# Tonic water



## PoleDancer (Apr 14, 2010)

Now I am sure most Brits will appreciate the vital importance of tonic water to human life. When I first arrived, I had no problems finding litre bottles of it in my local (Maadi) Seoudi and in the other supermarket round the corner. Unfortunately supplies seem to have dried up, and all I can find is those silly little cans. Carrefour don't seem to stock the bottles either (no doubt a dastardly French plot against us Brits). Does anyone know of a chain (or even a little shop) that does stock big bottles of tonic?


----------



## MaidenScotland (Jun 6, 2009)

Sorry I have always struggled to find tonic water here


----------



## Sonrisa (Sep 2, 2010)

Jeez, you brits always blaiming your misfortunes on the french... 

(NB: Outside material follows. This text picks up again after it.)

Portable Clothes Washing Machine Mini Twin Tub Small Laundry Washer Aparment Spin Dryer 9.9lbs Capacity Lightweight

Anyways, just had to pop out to Mariam Market to get some water and saw 1 l bottles of swchepps tonic water in the outside fridge.


----------



## MaidenScotland (Jun 6, 2009)

Dizzie Izzie said:


> Jeez, you brits always blaiming your misfortunes on the french...
> 
> Anyways, just had to pop out to Mariam Market to get some water and saw 1 l bottles of swchepps tonic water in the outside fridge.




Not the Brits.. the English, us Scots have the auld alliance with France .


----------



## MaidenScotland (Jun 6, 2009)

p.s I think the original post was meant tongue in cheek carrefour being a French supermarket


----------



## PoleDancer (Apr 14, 2010)

Thanks both.

Which Miriam Izzie? I tried my local one (again) - the one on (I think) on the corner of 205/253. Whilst they do have plentuy of Schweppes product, none of it was tonic water. Or at least if it was, neither I nor the shop guy could find it.

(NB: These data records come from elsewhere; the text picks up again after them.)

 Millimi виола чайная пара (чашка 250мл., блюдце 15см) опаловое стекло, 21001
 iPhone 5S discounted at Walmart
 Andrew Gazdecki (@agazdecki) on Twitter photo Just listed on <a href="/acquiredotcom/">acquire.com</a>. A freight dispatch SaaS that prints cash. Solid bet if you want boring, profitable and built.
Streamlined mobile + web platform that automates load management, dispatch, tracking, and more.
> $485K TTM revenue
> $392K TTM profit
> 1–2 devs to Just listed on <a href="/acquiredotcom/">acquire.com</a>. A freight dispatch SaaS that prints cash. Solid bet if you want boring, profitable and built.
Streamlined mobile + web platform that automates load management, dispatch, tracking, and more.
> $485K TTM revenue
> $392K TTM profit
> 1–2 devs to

Oh and yes, my tongue in cheek reference to the French should have had a ;-) after it. I was indeed refering to Carrefour being a French chain and the French not being big G&T drinkers. No real offence to the Frogs intended.


----------



## Sonrisa (Sep 2, 2010)

PoleDancer said:


> Thanks both.
> 
> Which Miriam Izzie? I tried my local one (again) - the one on (I think) on the corner of 205/253. Whilst they do have plentuy of Schweppes product, none of it was tonic water. Or at least if it was, neither I nor the shop guy could find it.
> 
> Oh and yes, my tongue in cheek reference to the French should have had a ;-) after it. I was indeed refering to Carrefour being a French chain and the French not being big G&T drinkers. No real offence to the Frogs intended.


Oh no, I'm terribly sorry I made you go to Miriam for nothing. I could have sworn I saw the bottles of tonic in the outside fridge as I was exiting the store, but obviously I must have been mistaken. The labels of Schweppes look always too similar, I should have inspected them closer before posting. 

Perhaps kimo?


----------



## PoleDancer (Apr 14, 2010)

Not at all Izzie. I live close by and I always enjoy a bit of a cycle round Maadi in the evening. Thanks for taking the trouble to point our Miriam Market as a possible source. It's actually one of the places that I have been buying from recently, but no more has arrived since I bought their last bottle a couple of weeks ago.

Where would I find Kino? I don't recall seeing one of those and a quick Google doesn't reveal many clues.


----------



## PoleDancer (Apr 14, 2010)

Doh! 'Ki*m*o' (not 'Kino'). A quick Google suggests that's the little supermarket by the Ace Club on Victoria Square. Good point. I've not tried that one yet. Thanks.


----------



## tmongy (Nov 4, 2010)

Have you tried checking in any of the Metro stores? I'm pretty sure I saw tonic water there a few times.


----------



## PoleDancer (Apr 14, 2010)

Thanks Tmongy. Yep, tried a few Metros.

The good news is I was in Carrefour last night and they had stocks in again. Hooray!

I suppose I must therefore owe the Frogs an apology for mischievously suggesting some sort of Gallic plot to incapacitate Les Rosbifs by denying them their G&Ts.


----------



## MaidenScotland (Jun 6, 2009)

Lots of large bottles of tonic water in Spinneys.. I saw them on Wednesday


----------